Oh how I hate Cox. They suck suck suck.

Give DirecTV another try. I’ve been really happy with them and their DVR is nice.

Ya know, I had the same problem with DTV when I had my DVR installed about a year ago. I love their service, but the contractors they hire are the worst. If you’ve ever been to dbstalk.com you’ll know that the majority of complaints are about that.

However, having said that …

DTV is just now bringing their new satellite online which is going to give them many new HD channels, and the newest HD boxes are coming out now with VOD available… it’s a pretty sweet setup.

It’s not $600, they came out with Tivo HD a month or two ago for only $300.

See?:
http://store.tivocommunity.com/merchant.mvc?Screen=PROD&Store_Code=EA&Product_Code=652160&Category_Code=S3TIVO

It works really well, HD is bootyful.

Now the service thing I can’t help you with, but you might be able to get a break if you call Tivo and plead your case to a couple different reps.

Actually, that’s the wrong model.
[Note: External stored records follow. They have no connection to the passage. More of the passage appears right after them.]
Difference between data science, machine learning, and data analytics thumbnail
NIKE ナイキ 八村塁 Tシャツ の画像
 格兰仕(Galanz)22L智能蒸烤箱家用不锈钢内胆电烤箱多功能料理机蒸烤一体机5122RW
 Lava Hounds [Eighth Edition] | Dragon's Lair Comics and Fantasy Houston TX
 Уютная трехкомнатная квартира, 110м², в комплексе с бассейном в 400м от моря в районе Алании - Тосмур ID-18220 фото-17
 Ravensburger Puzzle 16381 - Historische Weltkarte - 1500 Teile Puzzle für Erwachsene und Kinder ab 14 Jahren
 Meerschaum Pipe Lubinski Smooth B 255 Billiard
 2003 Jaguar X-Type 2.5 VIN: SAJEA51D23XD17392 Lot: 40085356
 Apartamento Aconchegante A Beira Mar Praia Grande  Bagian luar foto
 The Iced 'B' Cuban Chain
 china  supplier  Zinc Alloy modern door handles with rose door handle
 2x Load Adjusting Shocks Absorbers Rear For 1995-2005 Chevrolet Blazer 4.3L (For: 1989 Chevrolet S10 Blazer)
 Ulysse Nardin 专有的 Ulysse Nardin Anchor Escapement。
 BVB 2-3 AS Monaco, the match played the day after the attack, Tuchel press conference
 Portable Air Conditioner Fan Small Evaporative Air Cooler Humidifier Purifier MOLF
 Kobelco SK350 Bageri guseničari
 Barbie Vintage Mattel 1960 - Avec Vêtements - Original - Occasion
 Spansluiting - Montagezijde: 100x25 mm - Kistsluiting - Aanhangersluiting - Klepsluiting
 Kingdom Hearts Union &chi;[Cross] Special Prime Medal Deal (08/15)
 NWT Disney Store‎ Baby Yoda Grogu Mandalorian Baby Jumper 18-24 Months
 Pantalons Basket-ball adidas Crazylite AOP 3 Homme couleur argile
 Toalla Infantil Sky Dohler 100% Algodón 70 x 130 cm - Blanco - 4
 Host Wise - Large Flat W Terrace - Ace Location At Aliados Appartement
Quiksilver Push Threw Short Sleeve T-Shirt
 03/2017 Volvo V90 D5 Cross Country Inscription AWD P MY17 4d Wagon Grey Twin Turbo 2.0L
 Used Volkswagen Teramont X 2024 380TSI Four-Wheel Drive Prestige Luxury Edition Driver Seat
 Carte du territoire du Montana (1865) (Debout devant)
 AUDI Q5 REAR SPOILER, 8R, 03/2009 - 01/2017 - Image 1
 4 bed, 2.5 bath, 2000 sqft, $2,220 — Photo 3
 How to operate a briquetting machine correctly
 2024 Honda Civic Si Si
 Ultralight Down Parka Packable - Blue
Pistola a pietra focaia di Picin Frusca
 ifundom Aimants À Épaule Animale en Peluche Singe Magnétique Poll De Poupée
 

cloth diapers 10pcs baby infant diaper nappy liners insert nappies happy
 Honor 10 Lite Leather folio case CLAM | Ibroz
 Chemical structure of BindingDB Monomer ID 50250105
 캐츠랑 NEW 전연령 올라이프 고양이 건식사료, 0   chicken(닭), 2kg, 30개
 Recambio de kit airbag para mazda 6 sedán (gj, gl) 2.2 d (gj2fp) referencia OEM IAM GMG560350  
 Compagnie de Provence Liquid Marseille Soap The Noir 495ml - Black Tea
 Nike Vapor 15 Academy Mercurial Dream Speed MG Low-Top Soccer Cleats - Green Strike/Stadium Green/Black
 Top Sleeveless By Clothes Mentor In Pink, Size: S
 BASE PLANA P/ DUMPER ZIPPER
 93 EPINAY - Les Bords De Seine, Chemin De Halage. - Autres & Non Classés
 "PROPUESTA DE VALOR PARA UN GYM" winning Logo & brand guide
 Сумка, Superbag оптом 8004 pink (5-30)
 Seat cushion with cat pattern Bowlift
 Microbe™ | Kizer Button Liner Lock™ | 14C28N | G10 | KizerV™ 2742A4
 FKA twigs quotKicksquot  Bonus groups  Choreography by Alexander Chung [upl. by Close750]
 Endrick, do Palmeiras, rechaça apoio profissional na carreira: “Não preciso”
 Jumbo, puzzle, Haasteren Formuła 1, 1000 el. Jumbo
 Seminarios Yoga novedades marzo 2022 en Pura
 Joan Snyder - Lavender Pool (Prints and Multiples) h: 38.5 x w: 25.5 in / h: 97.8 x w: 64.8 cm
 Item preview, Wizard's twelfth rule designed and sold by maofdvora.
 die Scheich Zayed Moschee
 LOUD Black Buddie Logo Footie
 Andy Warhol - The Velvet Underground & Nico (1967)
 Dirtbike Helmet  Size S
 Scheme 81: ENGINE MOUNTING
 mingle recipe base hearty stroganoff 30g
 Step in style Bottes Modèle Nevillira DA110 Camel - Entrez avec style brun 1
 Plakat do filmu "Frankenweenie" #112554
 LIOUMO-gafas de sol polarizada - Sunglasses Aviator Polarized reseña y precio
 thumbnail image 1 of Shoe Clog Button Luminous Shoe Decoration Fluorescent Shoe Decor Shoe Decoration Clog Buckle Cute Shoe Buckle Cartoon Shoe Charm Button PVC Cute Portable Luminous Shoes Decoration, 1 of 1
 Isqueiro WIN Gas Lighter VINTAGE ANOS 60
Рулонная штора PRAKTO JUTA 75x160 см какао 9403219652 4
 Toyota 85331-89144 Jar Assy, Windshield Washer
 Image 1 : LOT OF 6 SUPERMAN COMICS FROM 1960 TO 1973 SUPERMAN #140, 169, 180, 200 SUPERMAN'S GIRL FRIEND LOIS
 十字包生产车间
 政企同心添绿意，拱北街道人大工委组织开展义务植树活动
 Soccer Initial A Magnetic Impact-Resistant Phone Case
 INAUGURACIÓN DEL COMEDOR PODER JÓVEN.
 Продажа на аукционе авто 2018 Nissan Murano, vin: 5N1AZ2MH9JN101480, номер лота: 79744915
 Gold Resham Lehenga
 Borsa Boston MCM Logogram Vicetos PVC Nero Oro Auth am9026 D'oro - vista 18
That doesn’t support CableCards. Part of my spending money on a TiVo is so that I don’t have to use their archaic infrared channel-changing system.

Don’t think it’s the wrong model:

Well, sumbitch!

Yeah there was no way in hell I was buying a Series 3 for ~$800 or whatever they were, but $300 isn’t bad. I’m very happy with my Tivo HD. The only criticism I have is that the interface is a bit sluggish, but either I’m getting used to it or a recent software update helped it. Oh, and if you are going to hook it to your network wirelessly, you HAVE to buy a Tivo wireless adapter. I tried the adapter I was using with my Series 2 and it really doesn’t work. On the plus side the Tivo adapter figured out my (unsecured) wireless network automagically, I didn’t have to enter any info.

I’ve had this from Charter since they were first available, and I’m very pleased.

I so love my old-fashioned DirecTV/Tivo integrated receiver that when DirecTV sent me a new, *free *receiver with DVR (they don’t partner with Tivo anymore), I sent it back and paid to upgrade/fix my DirecTV Tivo instead. It is wonderful, I love it, it is my Preciousssss.

http://www.weaknees.com/ has them. IMHO, it is well worth it, because Tivo has patents on some cool features (especially the jump-back corrective when you stop FFing), but the new external Tivo boxes don’t play well with the other hardware, and so are sluggish and annoying (my mom has one).

The TiVo Series 2 is a single tuner? I didn’t realize that, because I can watch one show and TiVo another, or TiVo two separate shows at the same time. I think the only restriction is that only one of them can be on a premium channel, but otherwise I often have 2 shows being recorded simultaneously.

And we just switched from the nightmare that was Comcast, to Verizon Fios. Loving it.